Arrays in C are very poorly designed, and C++ has inherited this.
In order to do full run-time checking, you need fat pointers.
Which not only slows the code down considerably, but also breaks
the ABI. If you rigorously avoid C style arrays, and only use
std::vector, g++ does run-time check. (But as soon as you do
something like &v[i], all bets are off with regards to the
resulting pointer.)

--
James Kanze (GABI Software) email:james.kanze@gmail.com
Conseils en informatique orientée objet/
Beratung in objektorientierter Datenverarbeitung
9 place Sémard, 78210 St.-Cyr-l'École, France, +33 (0)1 30 23 00 34

pjb@informatimago.com (Pascal J. Bourguignon) writes:

> Joshua Maurice <joshuamaurice@gmail.com> writes:
>
>> C++'s stated primary design goals include
>> - runtime performance comparable with assembly
>
> For most programs, we don't care about the speed.

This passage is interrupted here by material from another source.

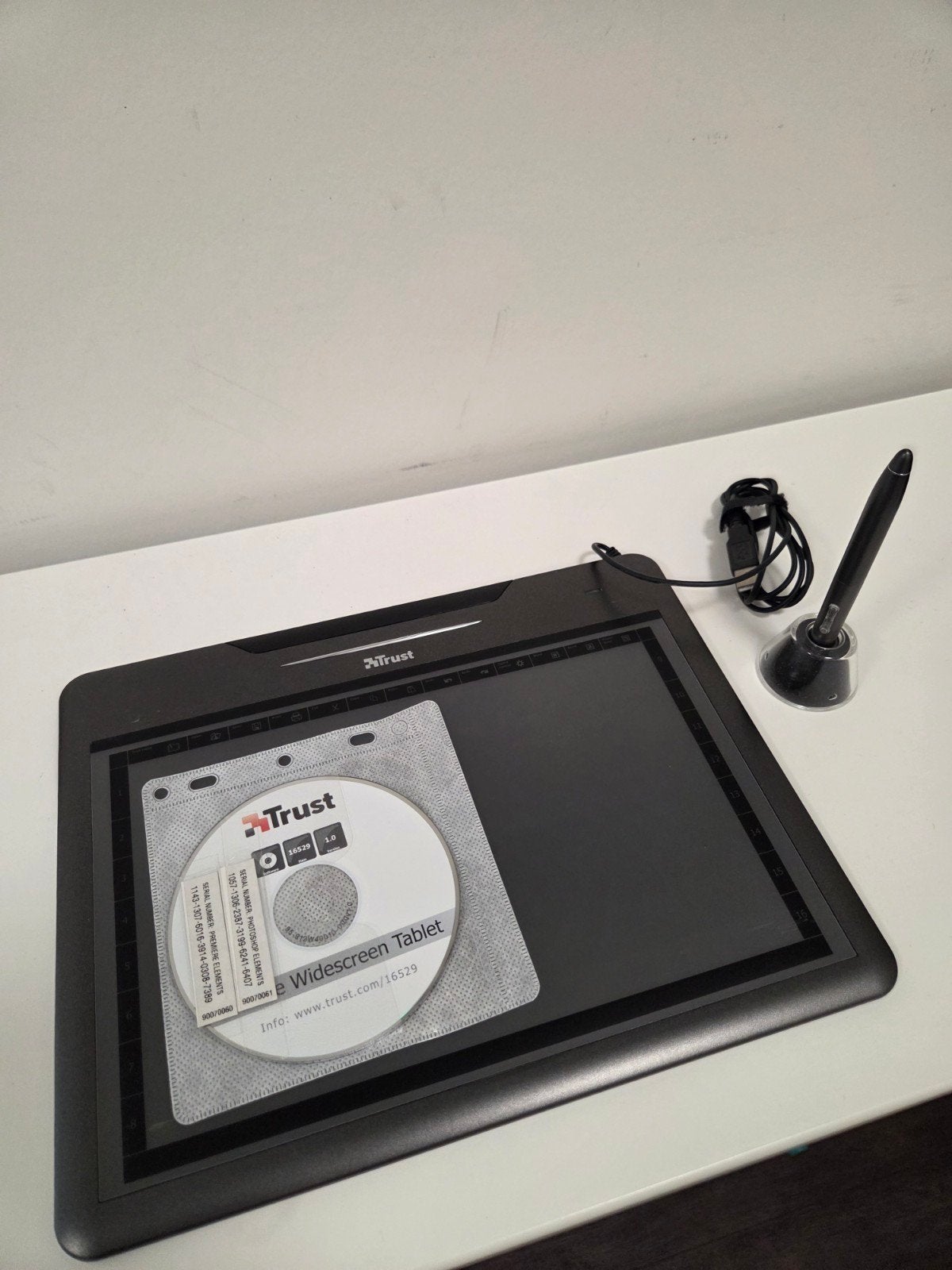 Trust Slimline Widescreen Tablet - Tekentablet, Computers en Software, Ophalen of Verzenden, Gebruikt, Bedraad, Trust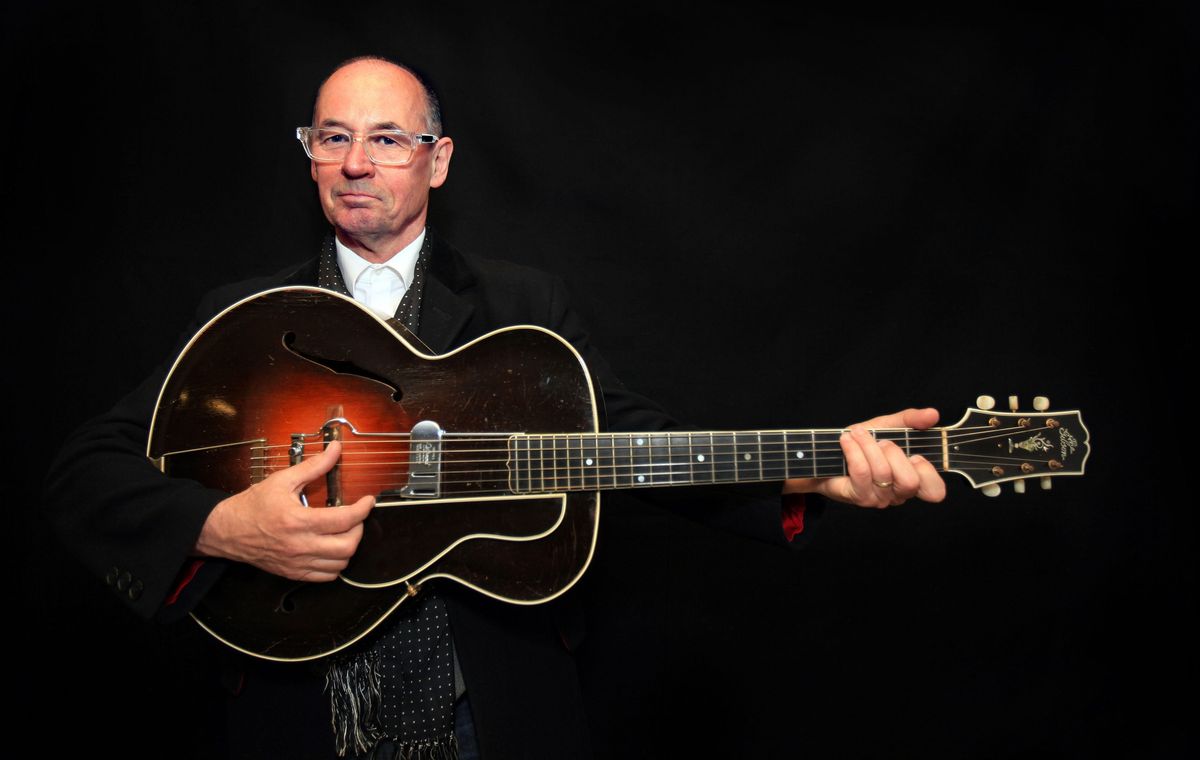 Andy Fairweather Low and The Low Riders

And for programs that do care about speed, they still have a lot of
spare time to do checks:

http://www.cs.virginia.edu/papers/Hi...all-wulf94.pdf


--
__Pascal Bourguignon__

Stuart Redmann wrote:
> On 11 Jul., 00:54, Joshua Maurice <joshuamaur...@gmail.com> wrote:
>
> Just to add my two cents:
> 1. C++ lets you do everything, so chances are not bad that you can go
> beyond your depth. In contrast to this, JAVA restricts your abilities
> (no messing around with pointers), which makes your code inherently
> safer. I think both are inferior to programming languages like Ada95.
> Ada has a real type system (something that neither C++ nor JAVA has)
> and will perform zounds of checks (it is the only language I know that
> handles integer overflows). Since these checks give you a lot of
> performance penalties, you have to provide additional information
> about which checks can be omitted.

Well, I am no expert on Ada, but I had a look on Ada 2005 when searching
for other languages to learn and wrote only some simple programs. I
finally changed to Haskell and Ocaml just to learn some new principles
of programming.

Anyway the Ada people claim, that a lot of these checks can be optimised
out by the compiler and the remaining ones are rather inexpensive.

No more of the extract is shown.